CHICAGO — Archer Daniels Midland Company (ADM) has begun a significant expansion and modernization of its export terminal in Santos, in the Brazilian state of São Paulo. The project will expand the facility’s annual storage and grain handling capacity from 6 million to 8 million metric tons, and will significantly enhance environmental controls.
“Brazil is one of the world’s most important agricultural producers, and ADM is continuing to deliver on our strategy as we invest to expand our already significant operations there,” said Greg Morris, president of ADM’s Oilseeds Processing business. “The Port of Santos is one of two major ADM gateways from Brazil to customers around the world, and with this expansion we are enhancing our ability to move crops from there to Asian, African and European customers.

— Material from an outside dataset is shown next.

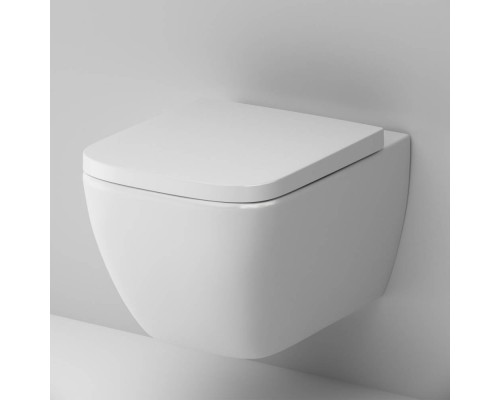 C901701SC Унитаз подвесной FlashClean с сиденьем микролифт C901701SC Унитаз подвесной FlashClean с сиденьем микролифт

“We are also continuing with the expansion of our jointly owned export terminal in Barcarena, which will increase volume to 6 million metric tons per year,” Morris added. “ADM is already one of Brazil’s largest exporters of agricultural products. When these improvements to both ports are complete, we will be able to move even more crops out of Brazil, and we will be able to do so more efficiently, enhancing both our capability to meet global customer demand and our ability to grow our returns in South America.”
In addition to increased capacity and efficiency, the upgrades include a wide range of new technologies to help minimize particulate emissions at the facility.
“In order to ensure that we continue to be a good neighbor in Santos, we conducted extensive research into the most advanced technologies available to limit the environmental impact of our operations,” said Luciano Botelho, ADM’s president, South American Oilseeds. “These changes will make our operations in Santos a global leader in the use of technology to reduce particulate emissions.”
ADM’s original Santos Port concession began in 1997. Last year, the company signed an agreement to continue operations at the port until 2037.
The project is scheduled for completion in mid-2017.